> _EXERCISE OBJECTIVE_: Below are the records; repeat exactly their lines between the line holding "I would also" and the line holding "Now that your", inclusive, skipping the pictures.

> _STUDY MATERIAL_:
BEGIN
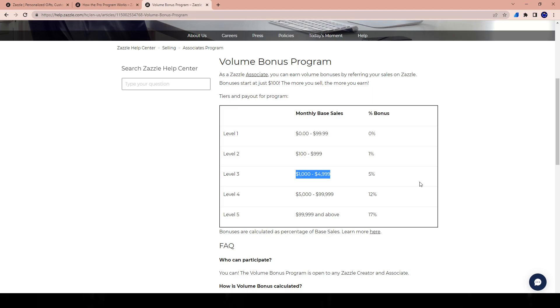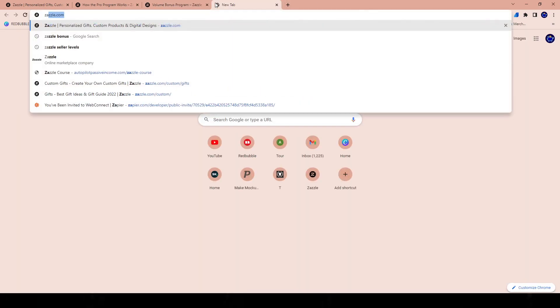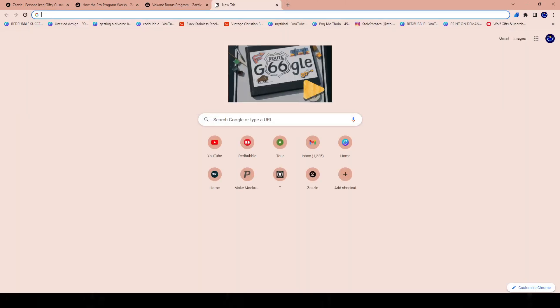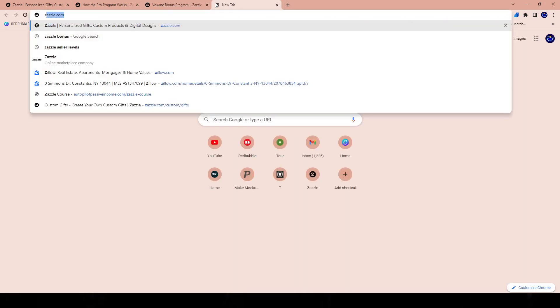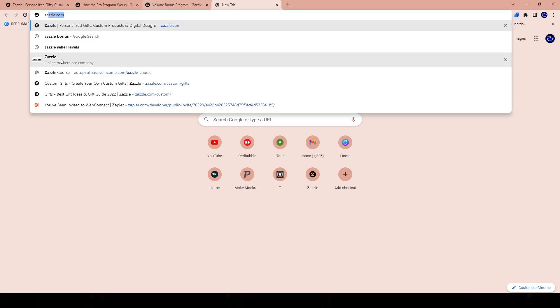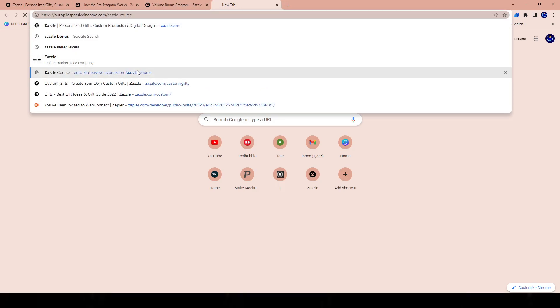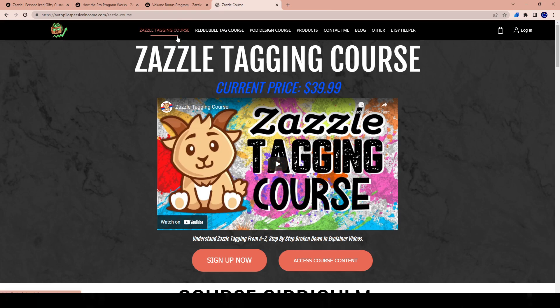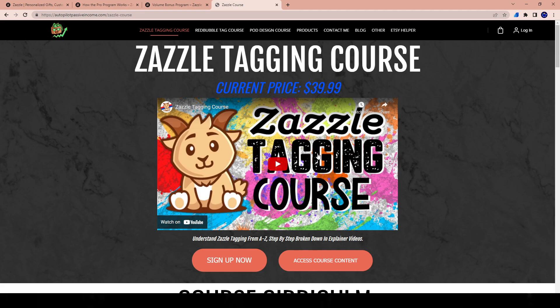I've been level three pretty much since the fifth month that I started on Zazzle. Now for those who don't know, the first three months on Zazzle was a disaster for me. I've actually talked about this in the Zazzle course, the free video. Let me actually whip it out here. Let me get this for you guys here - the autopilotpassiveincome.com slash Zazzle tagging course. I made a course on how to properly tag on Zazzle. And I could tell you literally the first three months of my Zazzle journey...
END
BEGIN
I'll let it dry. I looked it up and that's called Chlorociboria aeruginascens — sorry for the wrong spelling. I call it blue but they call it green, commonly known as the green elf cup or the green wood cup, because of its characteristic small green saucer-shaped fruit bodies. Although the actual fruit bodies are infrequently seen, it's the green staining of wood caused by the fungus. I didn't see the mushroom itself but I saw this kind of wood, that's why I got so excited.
END
BEGIN
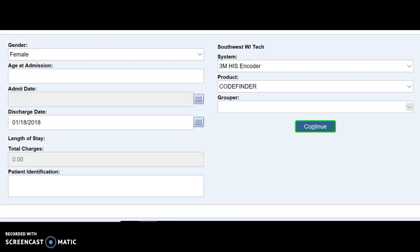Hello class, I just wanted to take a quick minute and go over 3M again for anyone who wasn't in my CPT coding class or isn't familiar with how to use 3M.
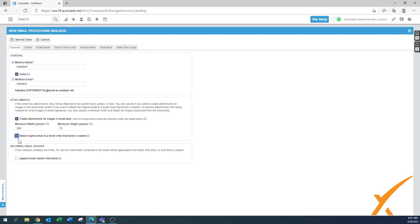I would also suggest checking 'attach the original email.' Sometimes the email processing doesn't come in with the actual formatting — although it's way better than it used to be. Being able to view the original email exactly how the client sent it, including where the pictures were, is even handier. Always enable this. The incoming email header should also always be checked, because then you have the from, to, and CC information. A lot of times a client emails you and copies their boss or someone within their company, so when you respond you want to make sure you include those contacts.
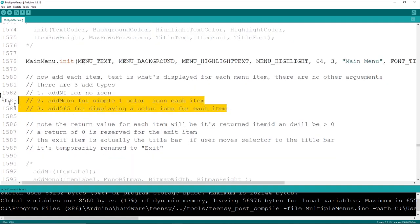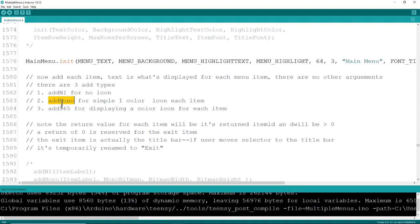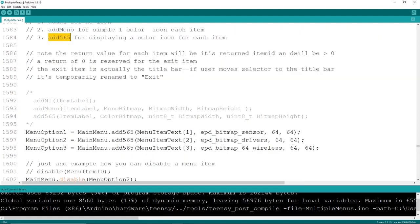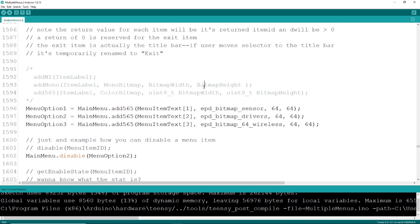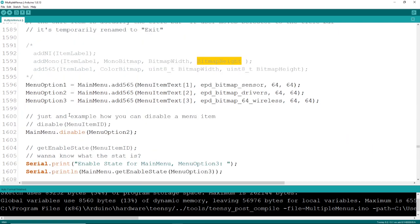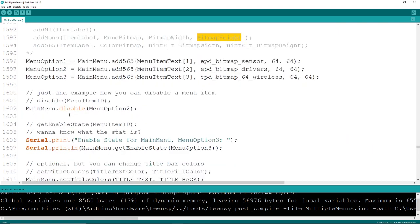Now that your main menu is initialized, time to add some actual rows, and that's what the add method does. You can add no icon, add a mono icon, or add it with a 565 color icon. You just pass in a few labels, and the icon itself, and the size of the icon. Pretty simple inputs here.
END
> _EXERCISE RESPONSE_:
I would also suggest checking 'attach the original email.' Sometimes the email processing doesn't come in with the actual formatting — although it's way better than it used to be. Being able to view the original email exactly how the client sent it, including where the pictures were, is even handier. Always enable this. The incoming email header should also always be checked, because then you have the from, to, and CC information. A lot of times a client emails you and copies their boss or someone within their company, so when you respond you want to make sure you include those contacts.
Now that your main menu is initialized, time to add some actual rows, and that's what the add method does. You can add no icon, add a mono icon, or add it with a 565 color icon. You just pass in a few labels, and the icon itself, and the size of the icon. Pretty simple inputs here.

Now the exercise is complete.